The next morning it was blatantly obvious I had done more damaged to the Cloonster than originally thought. Instead of a little ding, the entire left side of the rear bumper was crumpled under, and I couldn't for the life of me get the tailgate down.
I waited a few days before calling Dad. His sage advice (after the swearing ended): "Get a strong rope or a chain and loop it around something. And then pull forward slowly. It'll pull it out!" I didn't try it. I could just picture ripping Clooney's bumper off. So, crumpled it stayed.
About a week later I was going through the drivethrough at Taco Bell after work -- another late night. Apparently, this Taco Bell was not planned very well. I'm sure a small car or maybe a Vespa could handle the turn around the building...but Clooney could not. The sound of his side scraping the ill-placed pole at the corner of the building was loud...and embarrassing. As I rolled down my window, red-faced, to hand my money to the cashier he just had to mention it.
"Is it bad?"
"Where I hit it?"
"Nah, it's just scraped up. Not bad."
When I got home I took a look at Clooney. Not bad my foot. The side of the...thingie. You know, the side of the bed where it goes back to the wheel but not really a fender, was cracked. and there was scraping.

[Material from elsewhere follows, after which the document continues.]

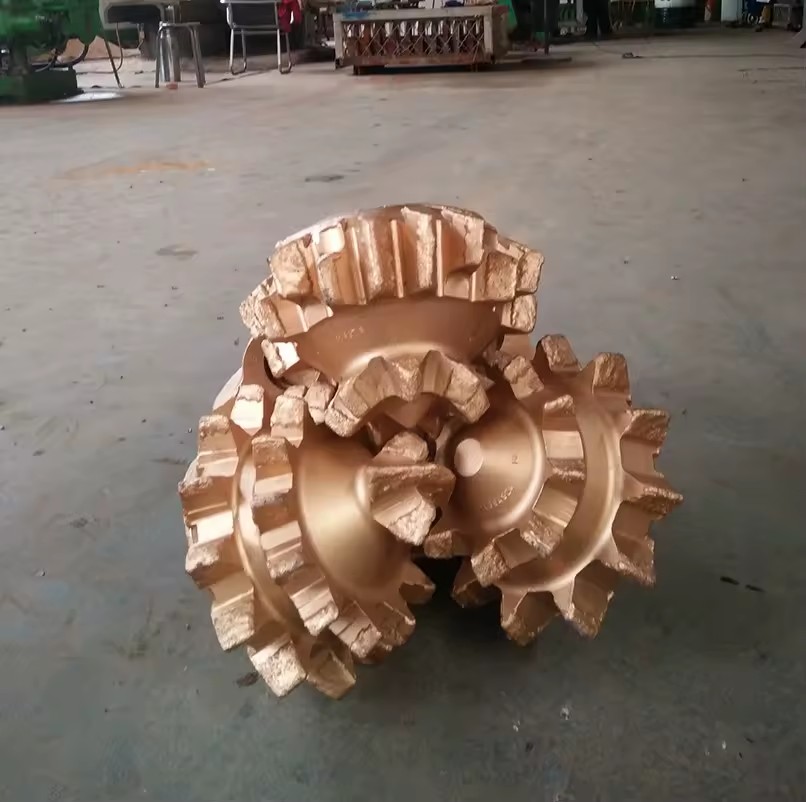 Chuanzuan High Manganese Steel TCI Tricone Bit Oil Well Rock Drilling Soft Formation Forging 164kg Drilling Mining Machine Parts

I told my parents it must have happened in the Wal-Mart parking lot. Someone must have hit Clooney while I was shopping for healthy foods.
About a week and half later, again after work, at a Chicken Express. This time it was the right front bumper. This was also attributed to some mysterious person in a parking lot that has it out for Clooney.
Rather than blame my poor driving skills, I did the most sensible thing. I cited too much work and quit the bookstore.